Henri Mahé a vécu ainsi, bien qu' il ait échappé de peu au "casse-pipe". Né en 1907 à Paris de parents bretons, il a grandi à la Mouff ', qui lui a enseigné l' argot des chiffonniers, puis, après un stage aux Beaux-Arts, enchainé avec un premier boulot : aide-comptable aux Galeries Lafayette. Pas longtemps. A 20 ans il s' instituait peintre attitré des cirques et des bordels, et louait une péniche sur la Seine, " La Malamoa ", vite devenue le rendez-vous à la mode d' arsouilles, qui avaient baptisé leur hôte "Riton-la-Barbouille ", et de leurs avocats, de chansonniers, de gadz'arts, de grandes gueules et de petites vertus.
Un soir de 1929, la journaliste Aimée Barancy est arrivée là, flanquée de l' actrice Nane Germon et d' un étrange docteur Destouches, plus âgé de 13 ans que Mahé, et qui allait devenir peu de temps après célèbre sous le nom de Louis-Ferdinand Céline. Le courant est passé aussitôt entre le beau gosse de la Mouff ' et l' écrivain potentiel (il a commencé la rédaction du "Voyage"). Mahé a accepté d' aller décorer la salle de bains de Céline, rue Lepic : une amitié naissait, qui n' a pas manqué de brouilles, suivies d' autant de réconciliations. Croisant les compères sur les pentes de Montmartre, Abel Gance les appelait "Verlaine et Rimbaud", sans plus d' identification.
Puis une période faste s' est offerte au peintre-décorateur "people". A son imagination étaient tour à tour livrés les murs du "31",bordel de luxe de la Cité d' Antin, des cinémas Rex, Elysée-Gaumont, Paramount-Capucines, du paquebot "Normandie", du prestigieux restaurant londonien "Quinto's", du night-club "Montyon", du Balajo, le temple du musette. Gance lui confiait les décors de quatre de ses films, son personnage apparaissait dans "Voyage au bout de la nuit", il obtenait le Prix Blumenthal réservé aux artistes-décorateurs, et se faisait construire un bateau à lui, "L' Enez Glaz".
La guerre et l' occupation n' ont pas ralenti cette activité multiforme. Mais ses "mauvaises fréquentations" lui ont valu quelque disgrâce à la Libération.
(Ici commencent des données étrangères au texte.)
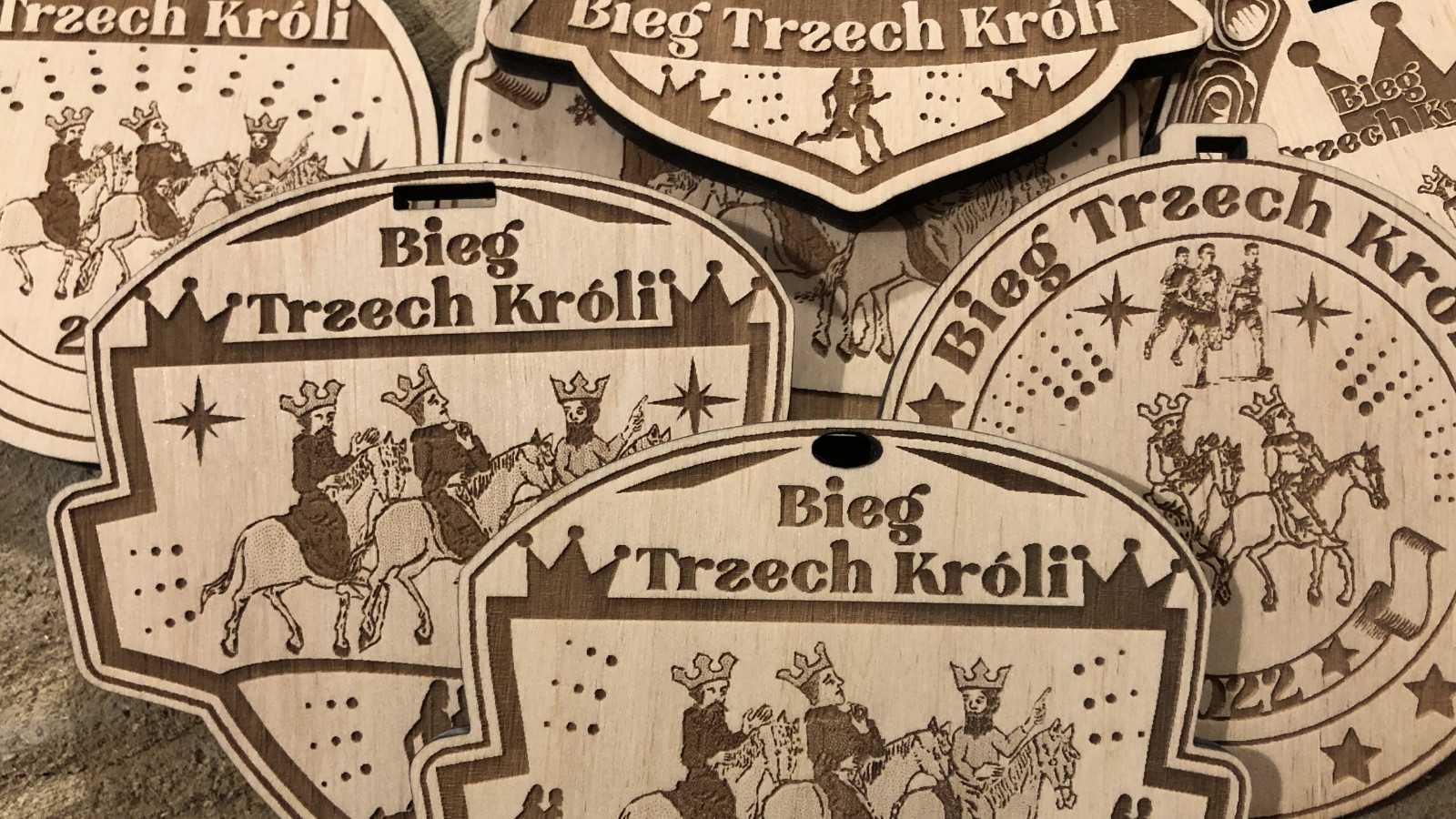 Drewniany medal na Bieg Trzech Króli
Boudé, sinon "épuré", il est allé prendre du champ à Quimper où il a retrouvé la peinture de chevalet. En 1948 il était de retour dans la capitale, chargé cette fois de la "déco" du Moulin Rouge. Il a eu en 1949 le rare courage d' entreprendre le voyage du Danemark où étaient réfugiés Céline, le pestiféré, sa femme, Lucette Almanzor, et leur chat Bébert. Le but officiel était de peindre un portrait du maudit. Les retrouvailles ont de suite mal tourné, et il n' y a point eu finalement d' autre portrait que celui de Céline sur Mahé en 1952, dans " Féerie pour une autre fois"...
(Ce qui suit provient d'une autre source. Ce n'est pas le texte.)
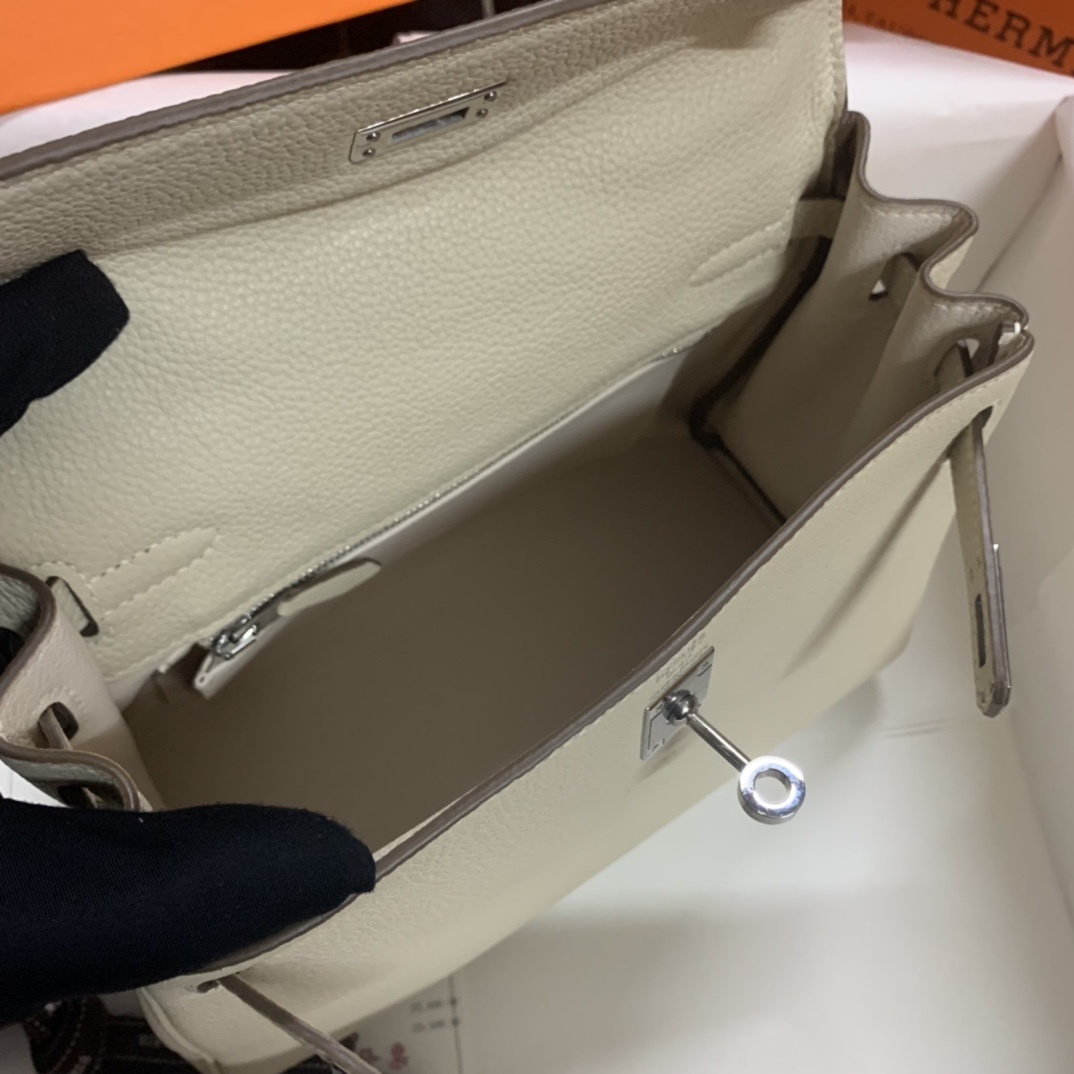 Hermès Kelly Retourne 25 Craie Togo Palladium Hardware - Image 4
Ce dernier avait déjà récupéré son statut d' artiste bobo et d' écrivain mondain un peu voyou, auteur d' un roman sur le milieu, " Charonne's Hotel ", ami de Mistinguett, du colonel Rémy, le fondateur d' un réseau de renseignements gaulliste, et des familiers, aisément interlopes, des nuits parisiennes. Mahé est désormais fêté a Copenhague, à Mexico où il a peint une fresque à la gloire de Toulouse-Lautrec, publiant d' autre part deux volumes sur ses souvenirs, " La Brinquebale avec Céline ", et sa correspondance, " La Genèse de Céline ", lequel amnistié puis installé à Meudon, était alors mort depuis presque dix ans sans l' avoir revu.
A 68 ans, les gènes bretons de Mahé ont fini par l' emporter. Il s' est embarqué sur un " trois-mâts" pour le tour du monde. Il est mort à la première escale, New York.